The Great Depression of the early 1930's did not affect the brands creativity and important iterations such as the Asymetrique originated in that decade. After Louis Cartier's death in 1942 a few decades of relative silence followed, but the Tank remained the darling of the famous. From Jackie Kennedy to Mohammed Ali and Warren Beatty: all were seen with a Tank. Andy Warhol, another avid ambassador was once quoted "I don't wear a Tank to tell the time. In fact, I never wind it. I wear a Tank watch because it is the watch to wear".
The Cartier Tank democratizes
In 1977 the "Must de Cartier" opened the Tank to the masses. Under the helm of Alain-Dominique Perrin the Cartier brand had moved into more diverse and accessible product groups and the Tank came in quartz at affordable price levels. Now the masses could be reached and so the Tank smoothly adapted and navigated through the 1980's watch crisis. When the quartz dust settled and a mechanical revival came the Tank was well positioned as a luxury icon available to many.

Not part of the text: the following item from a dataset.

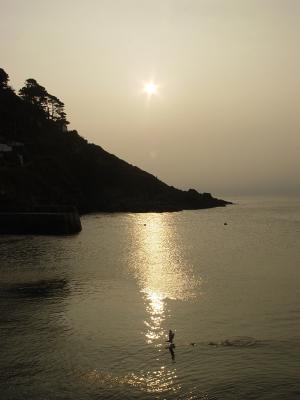 The Sea, The Sun, The Shore and a BirdGarry Platt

In 1998 Cartier launched CPCP (Cartier Paris Collection Prive) as a first indicator of the brands ambition to move in the higher echelons of fine watchmaking. The first best watchmakers and brands were found to create Tank masterpieces, such as the Mono-Pusher movement, developed by Francois-Paul Journe, Vianney Halter and Denis Flageollet, the Tank A-Vis and the Tank Double Fuseau.
The Cartier Tank today
Today, after more than 100 years in existence, the Cartier Tank is more alive and diverse as ever. From the highly innovative Must SolarBeat as an attractive and affordable entry-level piece to the mid-range Americaine and the high-end Cintree and Asymetrique, the Tank is there for everyone. And this variety of watches, that all remain true to the original from 1919 in their own ways, prove the quality of the design that Louis Cartier made more than 100 years ago. No watch deserves the word "icon" more than the Tank.